Lately we’ve seen the impact China can have on Bitcoin prices. Just when we were basking in record highs, a bout of volatility hit last week, sending the price down from about $920 to $768 on January 11. Bitcoin prices have since returned to stability. But what happened there?

Market analysts point to Chinese regulatory developments. The People’s Bank of China (PBOC) met with representatives of China’s leading bitcoin exchanges Huobi, BTCC and OKCoin in recent weeks. On January 6 the PBOC announced that it had issued warnings to them. It is investigating potential violations, such as market manipulation and unauthorized financing.

The day of the PBOC’s announcement, Bitcoin prices fell by more than 10% and volatility took hold. Bitcoin surged above $940 on January 8, then plunged again, to $878. Three days later, Bitcoin prices dropped to $752 – more than a 40% drop from the high of $1,153 on January 5.

It is not yet known whether any violations have been found, or what the outcome will be. Nevertheless, as Rik Willard, founder of Agentic Group LLC put it, “Right now, China is calling the shots in bitcoin. When they sneeze, the market catches a cold.”

China is a land of high-volume Bitcoin trading and high demand, which gives it a lot of weight. According to Charles Hayter, CEO of digital currency analytics firm Cryptocompare, trading between the yuan and bitcoin accounted for around 98% of the total market in the past six months.

As to why bitcoin has drawn the Chinese government’s attention, one need only look to the yuan. It lost more than 6.5% against the dollar last year. Some believe the weakening yuan has made bitcoin more attractive to tech-savvy Chinese – especially those keen to hedge against the national currency and bend the rules on how much foreign exchange they are allowed to buy.

Things calmed down on January 12, with prices hovering in the relatively modest $745 to $775 range.

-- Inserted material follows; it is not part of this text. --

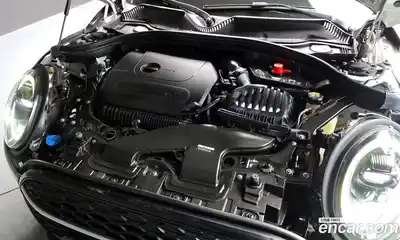 Mini Clubman 2022 2.0 гидро в Москве № 137569, миниатюра 6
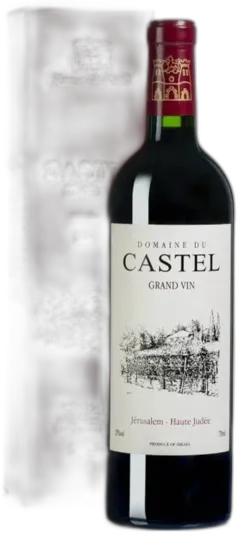 photo du vin Grand Vin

As of this writing, the price is on the way up again, currently trading at $833. (Scroll down on our home page to check the current Bitcoin exchange rate.)

Some traders see a net positive. Kong Gao, overseas marketing manager for Richfund, the world’s largest bitcoin hedge fund, is among them. “The creation of regulations will more likely benefit the industry than hamper it”, he said. “We will likely experience a price decline, but bitcoin’s volatility will be reduced. Reduced volatility, combined with a stamp of approval from PBOC with regulation, will likely positively contribute to bitcoin’s adoption in China and elsewhere.”

Hayter concurs: “The long term implications of this are positive as more rigor in the Chinese market only matures and brings respectability to the industry – but in the short term this could affect volumes which have been one of the key drivers of the recent rally”, he told Reuters.